To measure the proline content in roots and leaves, the methodology of Bates et al. [31] was followed, with modifications by Escalante-Magaña [32]. We transferred the supernatant obtained from fresh leaf and root tissue into test tubes containing a mixture of glacial acetic acid (MEYER®, Mexico) and acidic ninhydrin (Sigma-Aldrich®, Merck KGaA, Darmstadt, Germany). We incubated the samples in a water bath at 96°C for 60 min. Afterward, we added toluene (MEYER®, Mexico) and measured the absorbance of the organic phase at λ 520 nm. We used Eq. (6) to calculate the proline concentration.

(6)

2.10 Statistical Analysis

To perform the statistical analysis, we used a complete factorial design. We analyzed the obtained data through an analysis of variance (ANOVA) and applied the LSD test with 95% reliability using the Statgraphics Centurion XIX software (Statgraphics Technologies, Inc., Madrid, Spain).

3  Results

3.1 Effect of Water Stress on Growth Parameters

The water stress induced by exposure to PEG (10%) negatively affected the growth of chili pepper plants. In Table 1, shoot height in plants without proline pretreatment [0 mM] and stress exposure decreased by ~16%. However, in the pretreated plants, no statistically significant difference appeared compared to the non-stressed plants. Regarding root length, under stress conditions without pretreatment, we observed a reduction of ~30%, while those pretreated with 2.5 mM of proline increased their length by ~20%, indicating a protective effect. The application of proline (5, 7.5, and 10 mM) under non-stress conditions decreased root length, but under stress conditions, we observed an improvement compared to plants without pretreatment. Additionally, water stress induced early flowering in plants without pretreatment and those pretreated with 7.5 and 10 mM Pro (Table 1).
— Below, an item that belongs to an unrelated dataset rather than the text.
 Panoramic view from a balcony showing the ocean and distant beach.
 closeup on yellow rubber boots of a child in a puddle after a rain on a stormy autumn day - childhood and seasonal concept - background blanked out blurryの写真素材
Fresh and dry shoot and root biomass parameters were reduced by ~50% in stressed plants without pretreatment [0 mM] compared to plants without stress (Table 2). Pretreatment with proline mitigated the adverse effects of osmotic stress in chili pepper plants at concentrations of 2.5 and 5 mM, showing a significant protective effect on fresh weight under stress conditions.

3.2 Effect of Water Stress on Physiological and Biochemical Parameters

Pretreatments with a 2.5 and 5 mM proline positively affected the survival rate by maintaining 100% in plants exposed to water stress (Table 3). For their part, all proline pretreatments [2.5, 5, 7.5, and 10 mM] increased the chlorophyll concentration compared to untreated plants [0 mM Pro] and exposed to stress (10% PEG); under these stress conditions, untreated plants [0 mM] exhibited a drastic decrease of ~37% compared to the control plants.

Table 4 presents the relative water content (RWC) in the shoot and root of chili pepper plants under stress conditions. The values obtained show that the plants pretreated with 2.5 and 5 mM maintained an RWC similar to that of the non-stressed plants, both in the shoot (86.23% and 86.31%) and in the root (78.40% and 79.34%), indicating more excellent resistance to PEG-induced dehydration. Pretreatments with 7.5 and 10 mM reduced the RWC in both the shoot and root, but the reduction was less severe than in plants without pretreatment.

Table 5 shows electrolyte leakage values are higher in root tissue than in shoot. Under stress-free conditions, electrolyte leakage in the shoots and roots of chili pepper plants ranged from ~24% to 35%, respectively. However, treatment with 5 mM Pro showed the lowest electrolyte leakage in both tissues compared to non-stress plants. Under stress conditions, plants without pretreatment experienced an increase of ~105% compared to control plants, indicating more significant cell damage. The shoots of the plants treated with 7.5 and 10 mM Pro showed an increase of ~59.66% and 88.86%, respectively, while in the roots, it was ~75.24% and 81.66% compared to the non-stressed plants. In contrast, shoots and roots pretreated with 2.5 and 5 mM Pro exhibited values similar to control plants.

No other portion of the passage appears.